RAZ: One of the worst things to be called as a candidate is a flip-flopper, a waffler, somebody who doesn't stick with their guns. But you say actually that should be a virtue.
DICKERSON: It should be in some cases. I mean - and in a lot of cases, because when you - when you're on the campaign trail, everything is always in super black and white. But when you have to make deals to get anything done, and it's - and even the notion that you have to make a deal to get something done in Washington is on the campaign trail, something you never want to admit, but it happens in a system (unintelligible) shared powers and also of two parties, and so a president needs to know how to be malleable, certainly not to trade away principles, but know when to take a good deal, and the best possible deal, to actually get something done and make progress, rather than just being so resolved that nothing gets done.
RAZ: Let's talk about decisiveness. You - for your articles, your series of articles, you spoke to military officers and executive officials who worked in the White House, administrators there. Many of them said decisiveness was the most important quality for a president. Why is that?
DICKERSON: Because no president ever, as President Obama said in a Vanity Fair interview with Michael Lewis, no president's ever brought a decision that's easy, except for perhaps picking the art that goes in the Oval Office. And it's never a sort of A or B. It's always a series of probabilities. And even if he finally comes down on a decision, there is still probably a 40 percent, 45 percent chance it'll go wrong. And what the rest of your administration, and particularly on issues that have to deal with the military and military action, people need decisions so they can go about their business and they can't wait so that everybody else could go and do their jobs.
RAZ: You do not believe that a president has to be a great public speaker.
DICKERSON: No.
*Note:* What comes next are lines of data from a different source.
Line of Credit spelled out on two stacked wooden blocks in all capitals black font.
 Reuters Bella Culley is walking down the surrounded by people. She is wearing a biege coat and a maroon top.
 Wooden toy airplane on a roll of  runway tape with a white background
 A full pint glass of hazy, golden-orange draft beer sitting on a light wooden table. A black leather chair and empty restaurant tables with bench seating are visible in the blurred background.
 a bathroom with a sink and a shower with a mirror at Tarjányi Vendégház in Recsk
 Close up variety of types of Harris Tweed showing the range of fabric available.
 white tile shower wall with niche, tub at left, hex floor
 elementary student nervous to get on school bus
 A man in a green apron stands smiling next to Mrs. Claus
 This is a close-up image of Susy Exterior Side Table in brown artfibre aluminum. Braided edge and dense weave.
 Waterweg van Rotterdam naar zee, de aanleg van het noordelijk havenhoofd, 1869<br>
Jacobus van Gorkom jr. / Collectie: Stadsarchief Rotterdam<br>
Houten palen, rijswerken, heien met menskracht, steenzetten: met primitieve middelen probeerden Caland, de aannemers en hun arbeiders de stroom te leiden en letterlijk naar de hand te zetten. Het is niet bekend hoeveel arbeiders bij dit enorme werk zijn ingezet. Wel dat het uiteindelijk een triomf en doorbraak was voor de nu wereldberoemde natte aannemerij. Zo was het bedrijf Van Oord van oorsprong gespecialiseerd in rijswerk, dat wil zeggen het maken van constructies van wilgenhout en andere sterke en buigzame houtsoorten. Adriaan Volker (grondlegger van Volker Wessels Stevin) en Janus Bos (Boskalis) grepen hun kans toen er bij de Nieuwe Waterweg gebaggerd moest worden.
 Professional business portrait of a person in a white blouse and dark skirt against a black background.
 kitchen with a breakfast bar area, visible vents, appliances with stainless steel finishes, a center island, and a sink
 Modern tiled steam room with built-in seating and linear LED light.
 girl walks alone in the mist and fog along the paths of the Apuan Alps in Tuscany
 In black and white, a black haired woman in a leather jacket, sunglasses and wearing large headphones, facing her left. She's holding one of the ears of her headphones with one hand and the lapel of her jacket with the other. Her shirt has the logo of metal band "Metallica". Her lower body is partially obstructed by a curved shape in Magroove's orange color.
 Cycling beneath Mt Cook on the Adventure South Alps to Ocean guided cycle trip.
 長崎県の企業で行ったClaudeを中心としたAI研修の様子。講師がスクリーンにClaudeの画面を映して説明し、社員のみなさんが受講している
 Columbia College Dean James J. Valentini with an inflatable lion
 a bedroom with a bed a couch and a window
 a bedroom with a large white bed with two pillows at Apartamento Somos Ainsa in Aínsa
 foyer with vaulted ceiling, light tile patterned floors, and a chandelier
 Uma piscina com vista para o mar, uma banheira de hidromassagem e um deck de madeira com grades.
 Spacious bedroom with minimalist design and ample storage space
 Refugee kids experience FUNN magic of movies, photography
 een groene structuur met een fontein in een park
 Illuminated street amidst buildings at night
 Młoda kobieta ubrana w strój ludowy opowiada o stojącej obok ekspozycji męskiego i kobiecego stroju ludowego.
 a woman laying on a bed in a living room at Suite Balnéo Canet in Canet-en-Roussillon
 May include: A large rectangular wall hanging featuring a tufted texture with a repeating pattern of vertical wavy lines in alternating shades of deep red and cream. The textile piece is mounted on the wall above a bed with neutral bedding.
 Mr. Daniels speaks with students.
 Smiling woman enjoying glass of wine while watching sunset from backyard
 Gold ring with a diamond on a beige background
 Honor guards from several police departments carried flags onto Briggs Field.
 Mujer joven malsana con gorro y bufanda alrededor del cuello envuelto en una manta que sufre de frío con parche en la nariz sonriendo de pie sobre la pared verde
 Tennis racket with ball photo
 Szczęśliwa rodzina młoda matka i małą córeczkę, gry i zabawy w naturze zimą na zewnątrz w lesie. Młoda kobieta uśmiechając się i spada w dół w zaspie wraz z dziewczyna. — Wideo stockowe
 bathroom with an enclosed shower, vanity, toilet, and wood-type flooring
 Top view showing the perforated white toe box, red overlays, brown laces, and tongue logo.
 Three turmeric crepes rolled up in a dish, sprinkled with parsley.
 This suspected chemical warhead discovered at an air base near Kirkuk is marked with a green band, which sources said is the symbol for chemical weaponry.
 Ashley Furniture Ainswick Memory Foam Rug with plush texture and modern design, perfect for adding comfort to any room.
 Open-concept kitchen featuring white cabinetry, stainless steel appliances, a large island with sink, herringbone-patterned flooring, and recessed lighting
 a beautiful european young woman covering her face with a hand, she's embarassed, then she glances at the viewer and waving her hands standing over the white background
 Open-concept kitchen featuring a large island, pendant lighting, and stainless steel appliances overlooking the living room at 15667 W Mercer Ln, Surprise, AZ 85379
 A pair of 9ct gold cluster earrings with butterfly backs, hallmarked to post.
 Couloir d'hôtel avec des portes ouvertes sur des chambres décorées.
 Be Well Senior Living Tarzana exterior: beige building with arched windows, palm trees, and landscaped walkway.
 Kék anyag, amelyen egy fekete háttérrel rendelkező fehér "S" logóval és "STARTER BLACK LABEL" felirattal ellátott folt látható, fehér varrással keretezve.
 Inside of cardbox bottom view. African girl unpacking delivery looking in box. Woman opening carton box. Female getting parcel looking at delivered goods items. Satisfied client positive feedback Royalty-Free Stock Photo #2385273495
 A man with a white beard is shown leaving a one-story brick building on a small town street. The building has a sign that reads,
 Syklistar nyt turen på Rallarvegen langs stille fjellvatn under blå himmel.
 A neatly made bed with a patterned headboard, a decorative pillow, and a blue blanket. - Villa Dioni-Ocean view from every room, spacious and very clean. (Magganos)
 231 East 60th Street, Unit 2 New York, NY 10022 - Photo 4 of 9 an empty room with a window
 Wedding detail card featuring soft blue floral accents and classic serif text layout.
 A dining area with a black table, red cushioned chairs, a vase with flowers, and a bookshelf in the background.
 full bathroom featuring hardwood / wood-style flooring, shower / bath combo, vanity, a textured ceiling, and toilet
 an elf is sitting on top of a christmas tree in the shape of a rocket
If you look at the presidency, we think of Ronald Reagan and John Kennedy as these people who could just speak and the country would follow right along. But when you look at what Kennedy was able to accomplish in office with education or Medicare, he wasn't that successful. And Ronald Reagan was never able to convince people to support increased defense spending, nor his - some of his efforts to fight communism in South America.
And then in the end, what may be the more powerful talent that Reagan and Clinton certainly had, it was knowing where public opinion is heading. And FDR, of course, was the great example - he said, I can never go further than the American people will let me - is that knowing where public opinion is generally located and then shaping that public opinion to your ends, rather than this notion that Chris Christie mentioned in the Republican convention, which is sort of grabbing the people and hauling them where you want them to go. That's not - that doesn't work too well for presidents.
RAZ: Bill Clinton famously called the White House the nicest facility in the federal penal system.
DICKERSON: This is a distortion - the presidency is a distorting office. And Woodrow Wilson also said that there are blessed moments when I forget for a second that I'm president. You have to keep secrets. You have to be able to compartmentalize. One minute, you're dealing with a matter of national security; the next minute, you're congratulating the women volleyball team; and the next minute, you're visiting a school.
And then you live in this weird fishbowl in which if you golf too much, you get criticized; in which if you say the wrong thing once, even if you said it a thousand times the correct way, you say it once, you're immediately leading the news that evening. The kind of brace that's put on you by the presidency and being to operate in that brace without basically going nuts is a challenge for any president.